> _Supplied entries_
━━━━━━━━━━━━━━━━━━━━━━━━━━━━━━
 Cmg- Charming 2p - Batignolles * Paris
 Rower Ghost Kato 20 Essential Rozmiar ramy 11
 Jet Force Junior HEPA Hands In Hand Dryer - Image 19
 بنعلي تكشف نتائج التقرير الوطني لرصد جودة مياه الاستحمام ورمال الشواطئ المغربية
━━━━━━━━━━━━━━━━━━━━━━━━━━━━━━
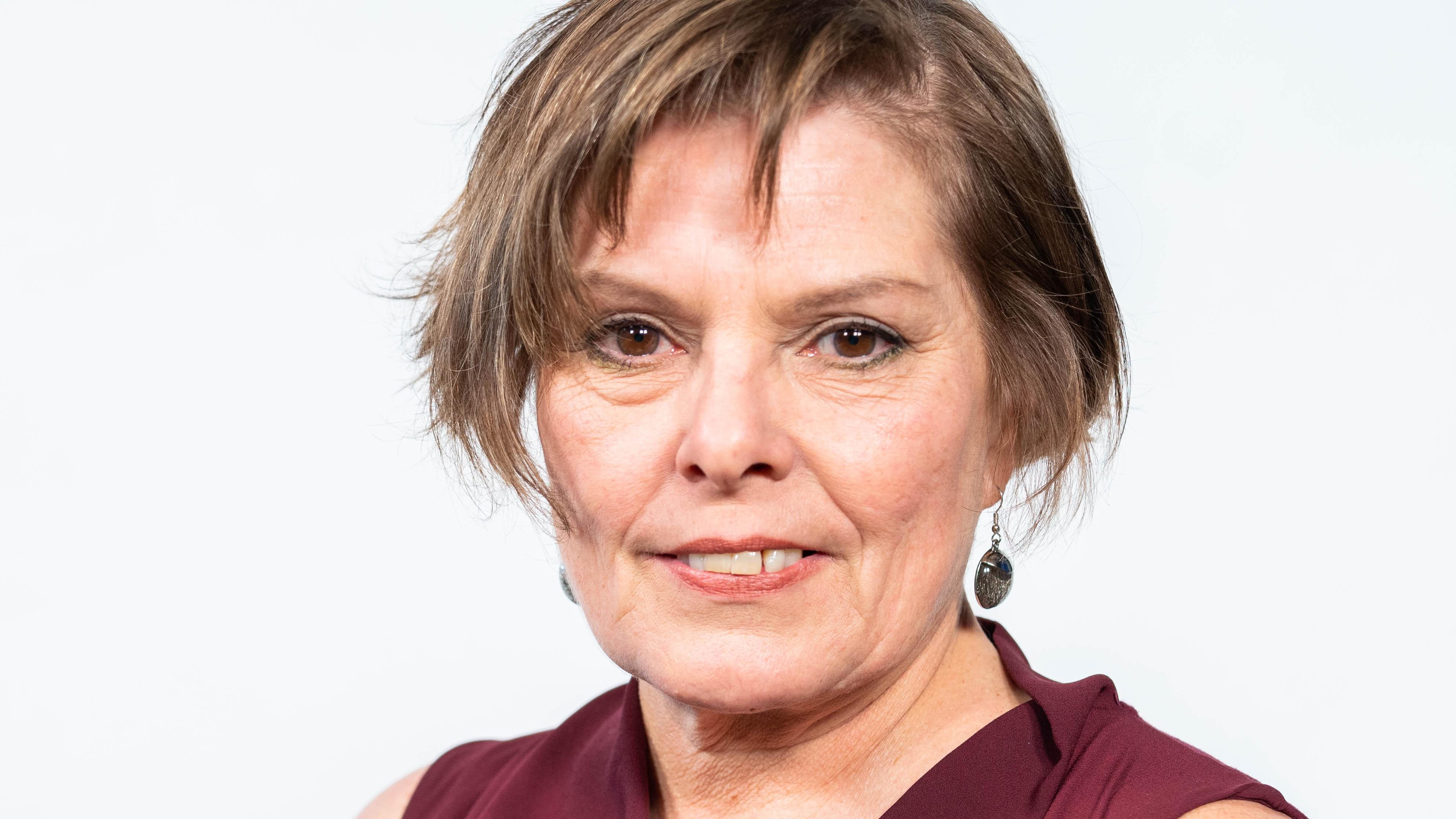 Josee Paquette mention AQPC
━━━━━━━━━━━━━━━━━━━━━━━━━━━━━━
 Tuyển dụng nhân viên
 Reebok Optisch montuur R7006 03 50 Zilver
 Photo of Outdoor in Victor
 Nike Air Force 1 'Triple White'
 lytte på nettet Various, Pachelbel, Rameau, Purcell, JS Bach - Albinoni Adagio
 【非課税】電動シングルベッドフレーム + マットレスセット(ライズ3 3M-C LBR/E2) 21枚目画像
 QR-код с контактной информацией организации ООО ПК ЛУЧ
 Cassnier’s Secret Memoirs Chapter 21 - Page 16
━━━━━━━━━━━━━━━━━━━━━━━━━━━━━━
All lines with the word "Force" are needed; pull them from the entries and copy each.

> _Result of the exercise_
 Jet Force Junior HEPA Hands In Hand Dryer - Image 19
 Nike Air Force 1 'Triple White'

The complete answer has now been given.